Pasan las horas. Seguimos a oscuras. Escasean los suministros. Hay que racionarlos. Falta el agua. ¡Bebed agua de lluvia!, exclama uno de los ayudantes del Guía. Apenas quedan dos o tres teas para alumbrarnos. Nos llegan noticias de que fuera del bosque ya ha amainado la tormenta y todo el mundo siente compasión de nosotros, los que estamos perdidos en la espesura. Compasión y miedo. No se habla fuera de otra cosa, según nos cuenta uno que ha logrado conectar por su móvil -aún milagrosamente funcionando- con el mundo exterior. Dice que nos consideran ya unos apestados y que temen que les contaminemos a ellos. Empieza a quedarse gente del grupo por el camino, en realidad una senda cada vez más escabrosa, una vereda de cabras que no parece conducir a ninguna parte. La tormenta arrecia. El Guía sonrie y, a la luz de la antorcha, su cara barbuda adquiere un aspecto cómico que da un poco de miedo. Insiste en que estemos tranquilos, que lo peor ya ha pasado y que lo que hace falta es que todos arrimemos el hombro, sobre todo los seguidores del Guía anterior. De pronto se para y se muestra eufórico. ¡Mirad! ¿No veis una luz allá lejos? No, no vemos nada. Es el reflejo de un rayo que ha caído en el monte. Eso es lo que es, le dice uno de nosotros. Se lo decimos todos al Guía cuando columbramos otro relámpago lejano.

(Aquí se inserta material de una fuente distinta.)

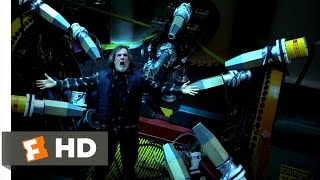 Hulk (2003) - The Absorbing Man Scene (5\/10) | Movieclips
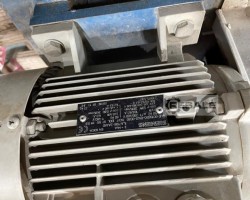 Maschine: STERLING SIHI CBSA Pumpen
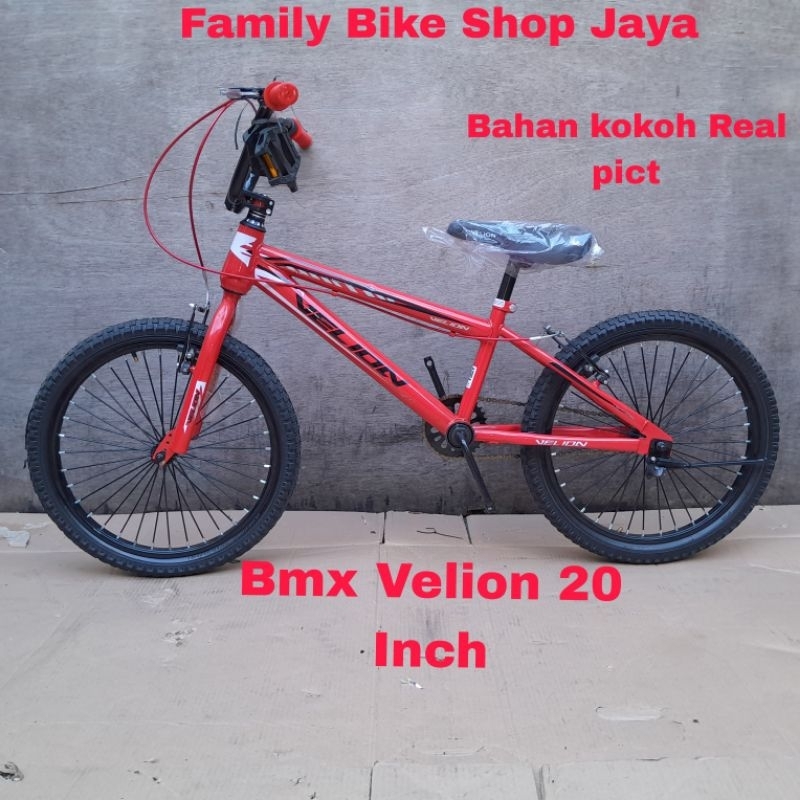 Sepeda Anak Bmx VELION 20 Inch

Gastamos bromas para evitar el pánico. Hablamos de fútbol, mayormente de la Copa de Europa. Alguien dice: ¡La copa es lo único que queda de Europa! Alguien cae herido y empieza a llorar desesperadamente. El Guía ordena a su primer ayudante, apodado Guindos, que intente salir fuera a inspeccionar y a buscar suministros, a ver si da con la carretera, y repite que él sabe muy bien lo que hay que hacer. Deberíamos cantar todos juntos, como cuando era de día y bebíamos vino. El que canta -nos recuerda- sus males espanta. ¡Que no cunda el pánico! La tempestad arrecia. Estamos calados hasta los huesos.  Alguien sugiere construir un corralito. Cuando volvemos a estar al pie de un gran roble seco junto a una peña, que parece el árbol del ahorcado, nos damos cuenta de que por allí hemos pasado ya dos o tres veces. Alguien dice en voz alta: ¡Estamos perdidos! Los más jóvenes se rebelan, deciden hacer una sentada en un claro del monte al grito de ¡Así no podemos seguir! ¡Rescatan antes a los banqueros que a nosotros! ¡Democracia real, ya! ¡Queremos participar en las decisiones! El Guía jura y perjura, con su barba crecida que ha encanecido por momentos y los cristales de sus gafas empañados, que confiemos en él, que él conoce bien el camino, que tiene buenos asesores y buenos contactos, que los de fuera no nos pueden dejar solos en el bosque bajo la tormenta interminable y que el sacrificio valdrá la pena; pero todos los del grupo estamos ya convencidos de que no sabe dónde estamos ni adónde vamos. Es entonces cuando uno del grupo, que venía siendo asesor principal del Guía, grita: ¡Sálvese el que pueda!

Y así es como, en este punto, dejo el grupo y, guiado por mi instinto de la infancia, encuentro el camino de La Mata y doy con mi pueblo sin saber cómo ni por qué, pero allí no vive nadie, las casas y la iglesia están derruidas. Ando como un sonámbulo por las calles desiertas y siento con angustia que sigo perdido. En ese momento me despierto y oigo cantar a los pájaros en el jardín. Respiro aliviado: ¡Uf, qué pesadilla! Y me siento a contarlo ante el ordenador.